Seemingly still beyond the reach of the law in almost every locale in the U.S., however, is a bizarre and related form of discrimination: paying women less because they're overweight.
You might ask why this constitutes gender discrimination. After all, men are no less likely to struggle with their weight than women, with more than 70% of U.S. adults either overweight or obese. But here’s the catch: Men mostly don’t see the effects in their paycheck, while women do. And, according to a 2019 Supreme Court decision, if an employer will tolerate something in a male employee that it won’t in a female one, it’s discrimination “because of sex.”
Research in the Journal of Human Resources, as early as 2004, found that for white women in the workplace a difference in weight of two standard deviations, or approximately 65 pounds, is associated with a difference in wages of 9%. The effect was only slightly less acute for women of color: Black women’s wages were 5% lower for a similar weight difference; Hispanic women saw a wage decrease of 6.8%.
Being overweight dinged wages as badly as having 1.5 fewer years of education or three fewer years of work experience. For white men, being overweight had an impact “not significantly different from zero,” writes the paper’s author, John Cawley; Black men at higher weights actually earned higher wages; Hispanic men who were overweight suffered a wage penalty.
The fact that most men don’t experience weight-related pay discrimination reveals the several possible “reasons” explored by researchers — “low self-esteem” making women less likely to ask for a raise; hypothetically higher healthcare costs — for what they are: excuses.
Instead, weight discrimination seems to relate to sexist expectations of how women are supposed to look. A National Bureau of Economic Research study found when it comes to discrimination, a woman’s body mass index (BMI) often serves as a proxy for attractiveness.
Women’s wages actually seem to start to fall even before conventional cut-offs for “obesity” or “overweight,” while still within the “healthy” weight range. For women, the “optimum” BMI from a wage perspective is 22.8. For men, it’s a significantly higher, and technically overweight, 26.7.
Appearance-based discrimination is nothing new, often bound up with gender expectations. In one 1988 case, a woman up for partner at a major accounting firm was passed over for promotion because her male peers said she was too “macho” and in need of “a course at charm school.” She was advised to “dress more femininely, wear make-up, have her hair styled, and wear jewelry.”

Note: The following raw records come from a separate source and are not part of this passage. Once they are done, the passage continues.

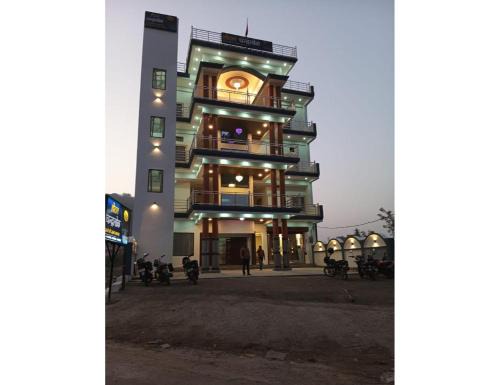 Chitrakoot Casa | Hotel Chandralok, Chitrakoot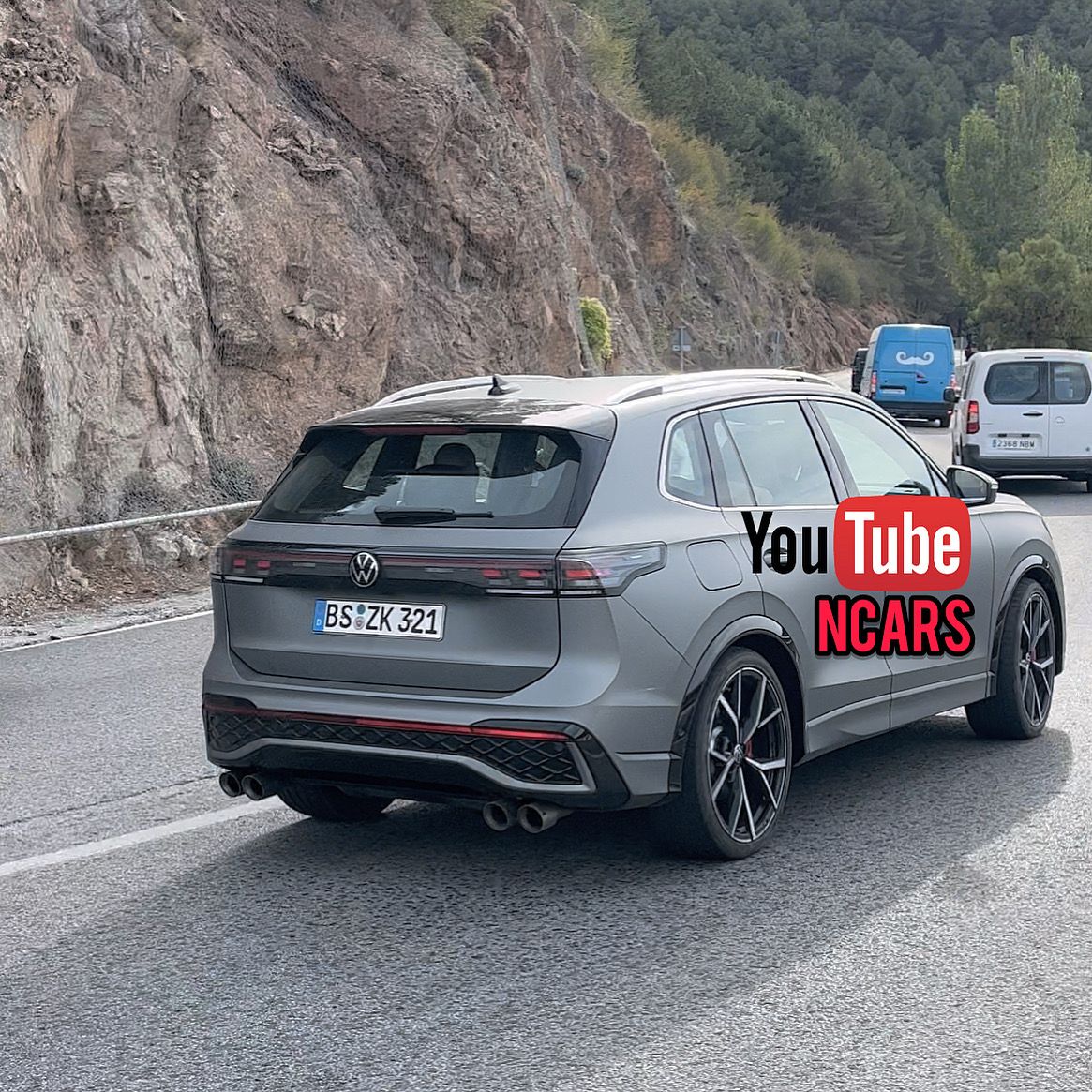 E63551E3-8C51-49CE-82D8-348B0D512F36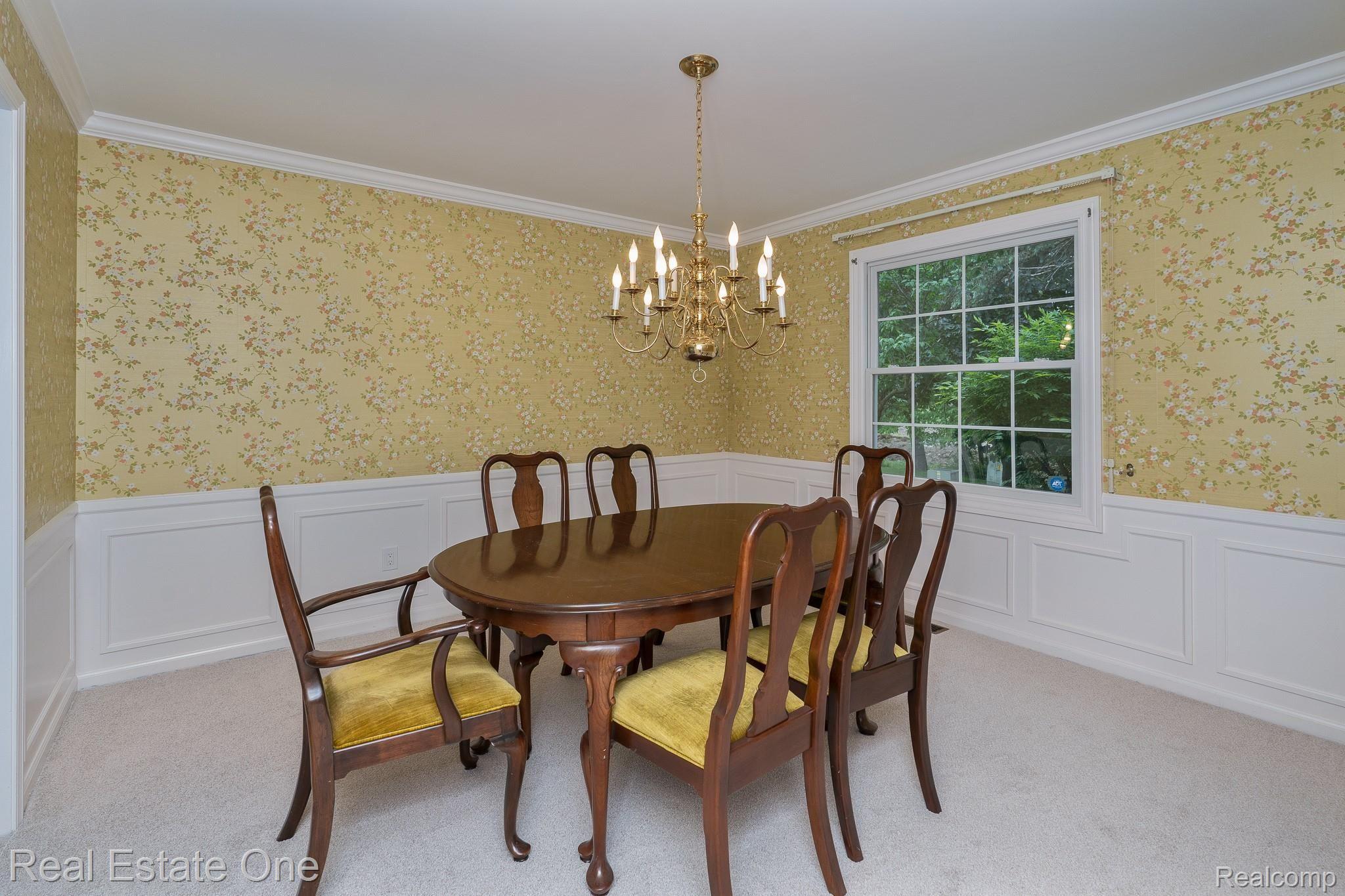 5245 Aintree Road Rochester, MI 48306 - Photo 10 of 42 dining room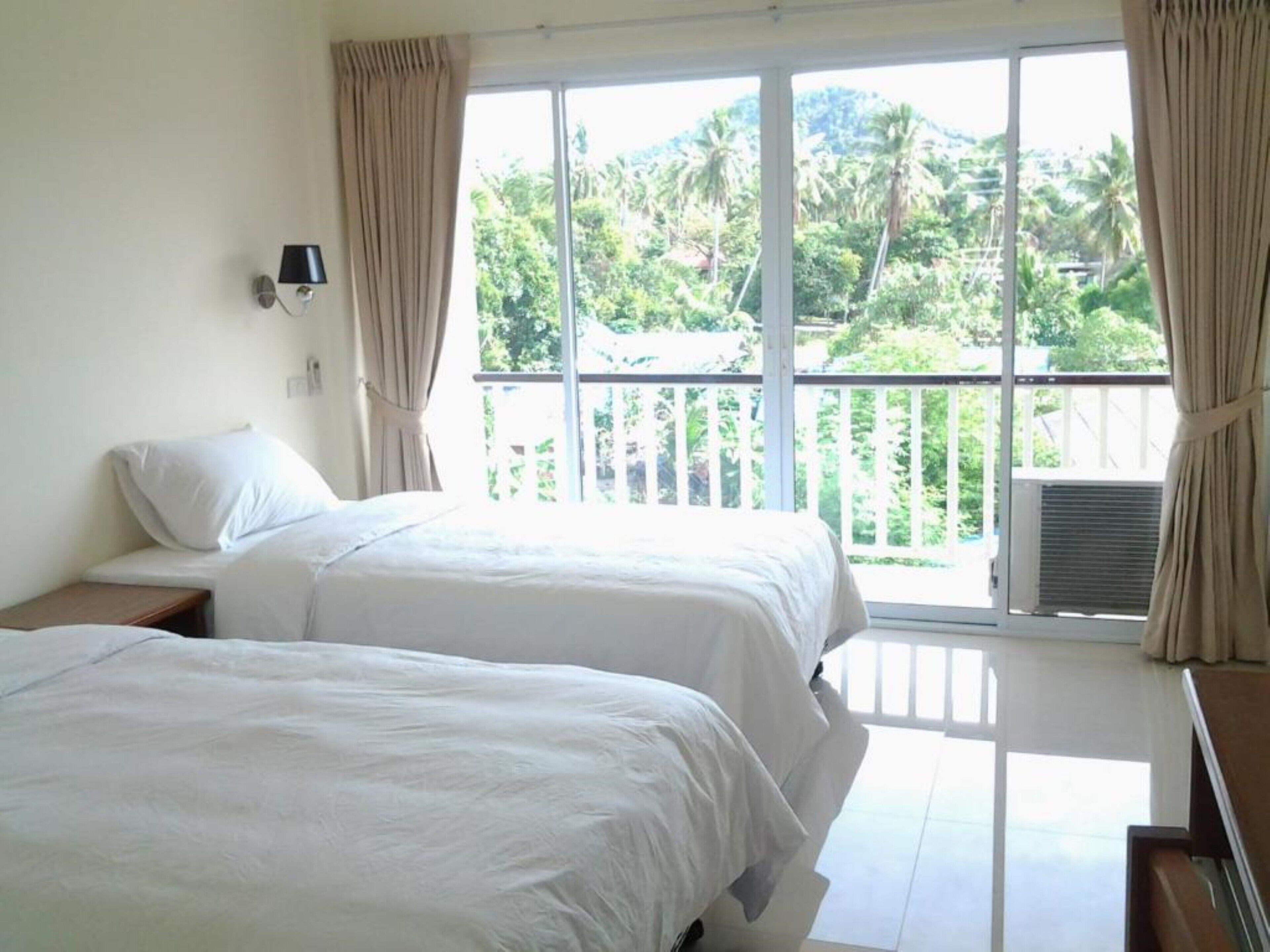Minibar, in-room safe, desk, blackout drapes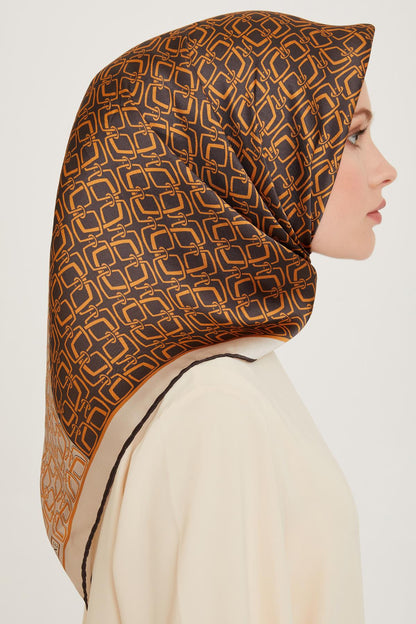 Armine İpek Eşarp 2025 Kış - 9248-85 Taş Gold Twill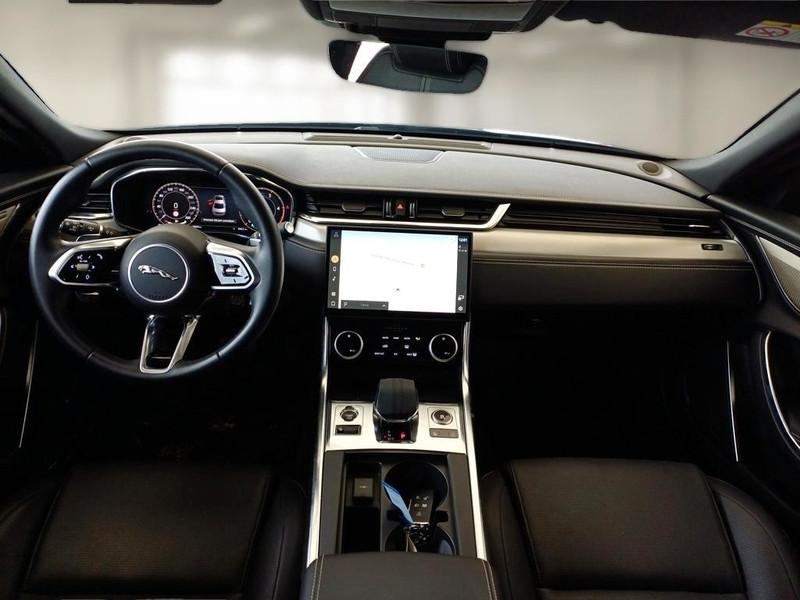 JAGUAR XF 2.0D MHEV 204 CV R-DYNAMIC S AUTO 4 PORTE BERLINA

These same expectations are often made worse by racism. Black women who have natural, unstraightened hair, whether curly or in braids, received lower scores on professionalism and competence compared to other types of candidates, a recent Social Psychological and Personality Science journal article reported.
In the case of weight discrimination, roughly 7% makes a profound difference over time. Suppose you earn $45,000 a year. After rent, taxes, the cost of living and everything else, you manage to put $5,000 a year toward retirement — roughly 11% of your earnings. With a rate of return of 7% and no employer matching, you’ll accumulate nearly $650,000 over 35 years.
But let’s say you’re subject to a 7% weight penalty and earn $42,000. You’re earning less, but your costs don’t change, giving you just $2,000 to put toward your retirement. Over the same period, your 401(k) will be worth just $195,000.
The kinds of jobs that are especially affected by this weight discrimination, according to a separate paper published in Sociological Forum, are often less well-paying ones. As women move up the ladder, if they’re permitted to, the difference grows less significant. For blue collar and clerical workers, whose wages may be set by the hour, it also doesn’t seem to make a difference.
As a worker, what can you do? A good start: Know what you ought to be paid, so you have a better sense of whether you’re indeed being discriminated against. Sites such as Salary.com, Glassdoor and Salary List help you see what your peers earn.
Only the state of Michigan, and certain cities and local areas, including San Francisco and the District of Columbia, make it explicitly illegal to discriminate against employees based on weight. The Americans with Disabilities Act may offer protection if your weight is related to a health condition or prevents you from performing particular life activities.
Thinking of this as sexual discrimination may ultimately be more effective. In a Supreme Court case decided in June 2020, the court found: “Nor does it matter that, when an employer treats one employee worse because of that individual’s sex, other factors may contribute to the decision.
Consider an employer with a policy of firing any woman he discovers to be a Yankees fan. Carrying out that rule because an employee is a woman and a fan of the Yankees is a firing ‘because of sex’ if the employer would have tolerated the same allegiance in a male employee.” Read the opinion here.
If you think you’re being discriminated against, begin by taking careful notes. Learn the legal standard in your state. Workplace Fairness is a good website resource, to walk you through your rights, options and best course of action. Sometimes, merely explaining to a boss (or human resources) the facts and your understanding of the law, in a nonconfrontational manner, can get them to recognize the discrimination and address the pay penalty.